しかし、ゲーム業界でうまくやっていくのは難しいのではないかな。特にゲームクリエイターなんて、いまだにドラクエファイナルファンタジーが幅をきかせていて挙げ句の果てにピクセルリマスターとかいう名作のリバイバルまでされた日にゃ、新人がその分野に滑り込むことも難しいのではあるまいか。
でも、そんな人の才能が、「農業」という分野で活かされる時代が来ようとしている。「農業従事者」=「農業のシステムエンジニア」となる可能性も今後あるわけだ。ゆくゆくは、外に一歩も出ずに農場の管理ができる日もやってくるに違いない。農地なら腐るほどある。需要があるのに生産者が減っている、ということは、この分野は成長産業であり、大きなビジネスチャンスだということじゃ。このチャンスを逃す手はあるまい。

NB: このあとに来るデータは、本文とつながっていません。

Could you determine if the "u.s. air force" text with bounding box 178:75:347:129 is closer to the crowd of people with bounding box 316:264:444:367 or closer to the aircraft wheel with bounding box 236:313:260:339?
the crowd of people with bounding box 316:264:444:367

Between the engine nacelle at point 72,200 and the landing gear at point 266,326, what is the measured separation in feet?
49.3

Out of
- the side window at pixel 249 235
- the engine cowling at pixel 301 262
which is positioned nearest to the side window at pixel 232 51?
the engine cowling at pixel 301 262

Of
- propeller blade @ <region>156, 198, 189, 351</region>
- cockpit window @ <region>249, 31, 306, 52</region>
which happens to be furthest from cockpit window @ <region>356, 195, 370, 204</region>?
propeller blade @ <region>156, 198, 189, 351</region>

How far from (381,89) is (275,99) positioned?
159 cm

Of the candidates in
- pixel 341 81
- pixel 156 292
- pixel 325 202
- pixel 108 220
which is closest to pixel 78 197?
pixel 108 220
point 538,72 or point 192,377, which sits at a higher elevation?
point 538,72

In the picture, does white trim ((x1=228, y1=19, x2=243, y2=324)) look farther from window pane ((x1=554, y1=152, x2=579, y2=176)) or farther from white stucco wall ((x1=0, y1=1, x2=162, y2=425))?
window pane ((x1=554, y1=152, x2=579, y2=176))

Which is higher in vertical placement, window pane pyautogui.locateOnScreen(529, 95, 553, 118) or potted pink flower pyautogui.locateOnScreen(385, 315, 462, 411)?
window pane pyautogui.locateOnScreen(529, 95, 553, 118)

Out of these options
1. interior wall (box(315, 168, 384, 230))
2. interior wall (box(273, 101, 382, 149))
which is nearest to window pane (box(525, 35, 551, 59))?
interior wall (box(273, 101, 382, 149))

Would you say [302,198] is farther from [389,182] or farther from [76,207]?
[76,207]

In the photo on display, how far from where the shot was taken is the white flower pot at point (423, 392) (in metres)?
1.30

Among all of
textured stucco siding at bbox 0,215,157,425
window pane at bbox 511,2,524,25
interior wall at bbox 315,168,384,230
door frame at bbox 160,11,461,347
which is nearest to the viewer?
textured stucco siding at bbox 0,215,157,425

さて、「ゲームを作りたい」「プログラミングをしてみたい」と考えている若者やこどもたちに、「スマート農業」への興味を持ってもらうにはどうしたらいいかのう。身近なところから、「農業」に目を向けることはできるじゃろうか。「植物を育てる」ということでもいい。何か、農村を復活させる、私たちにもできることはないじゃろうか。
東京メトロ(地下鉄)が運営する農場で育てた野菜「とうきょうサラダ」はご存知かの?とうきょうサラダの農場は、実は地下にある。このページに詳しいことが書いてあるが、地下の無菌室で、LED照明で、土も使わず、完全水耕栽培で葉物野菜を作っている。閉鎖型の完全な「工場」で、普段は人間が入ることもなく自動で野菜が「生産」されているのじゃ。

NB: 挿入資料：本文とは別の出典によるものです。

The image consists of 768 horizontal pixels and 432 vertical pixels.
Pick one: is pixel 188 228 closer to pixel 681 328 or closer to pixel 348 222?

虫や微生物を排除した環境で、土を使わないので、土を洗い流す必要もなく、品質も安定している。菌が付かないため長持ちするなど、いいことずくめの野菜が生産されている。特に食中毒を出すわけにいかないホテルでは重宝されているそうじゃ。
ここまで無菌とはいかなくても、全国に余っている休耕地を使って農産物の「工場」を建てたらいいのではないかと思っておる。頑丈な温室のイメージじゃ。土壌は活かしつつも、自然光に加えて人工光も活用しながら、自動、あるいはリモートで環境を管理して作物を育てることができるのではないじゃろうか。建物で虫などの侵入を抑えられれば、減農薬や無農薬にもできる。
個人でそんなことをすることは難しいので、味の素とかニチレイとかの食品会社が土地を買い取り、食品工場の一部として稼働させたら、生産効率も高くなるのではないかな、と思うんじゃよ。野菜として出荷するのではなく、冷凍食品の食材を生産するためだけの工場という位置づけでもいい。それなら食材の輸送費もかからない。大量に使うものは海外の大農園から仕入れ、農産物工場で賄える量のものを自社生産できれば、コストも抑えられて安全性も高められる。消費者としても助かる。

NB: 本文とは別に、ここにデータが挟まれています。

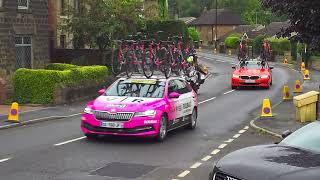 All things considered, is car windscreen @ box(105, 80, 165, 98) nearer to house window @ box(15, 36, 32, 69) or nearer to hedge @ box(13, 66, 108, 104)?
hedge @ box(13, 66, 108, 104)

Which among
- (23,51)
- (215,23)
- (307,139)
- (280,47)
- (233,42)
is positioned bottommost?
(307,139)

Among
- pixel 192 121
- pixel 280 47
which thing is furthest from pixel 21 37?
pixel 280 47

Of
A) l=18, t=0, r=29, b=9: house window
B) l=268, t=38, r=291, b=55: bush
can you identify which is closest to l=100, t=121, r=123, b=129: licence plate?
l=18, t=0, r=29, b=9: house window

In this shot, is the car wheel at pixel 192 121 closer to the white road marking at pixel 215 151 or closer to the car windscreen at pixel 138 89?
the car windscreen at pixel 138 89

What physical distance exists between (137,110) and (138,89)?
4.67ft

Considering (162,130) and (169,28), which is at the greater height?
(169,28)

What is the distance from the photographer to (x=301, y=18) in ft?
47.4

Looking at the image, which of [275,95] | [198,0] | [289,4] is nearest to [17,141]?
[289,4]

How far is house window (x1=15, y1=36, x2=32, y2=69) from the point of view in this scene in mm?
27938

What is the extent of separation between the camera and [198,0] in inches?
5901

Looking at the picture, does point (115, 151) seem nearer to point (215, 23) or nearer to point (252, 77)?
point (252, 77)

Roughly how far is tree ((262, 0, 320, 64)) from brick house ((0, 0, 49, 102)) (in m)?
12.9

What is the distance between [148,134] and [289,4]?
4.65 metres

そういった農工場で、プログラミング志望のシステムエンジニアを農場オペレーター(農夫)として雇えばいい。新しい形の農業生産を、大企業主導で行うことができる仕組みを(法律なども含めて)整えていくことができれば、農業国日本が復権する可能性も十分にあるのではないかな。
ま、素人のたわごとじゃ。笑って読んでくれたらいい。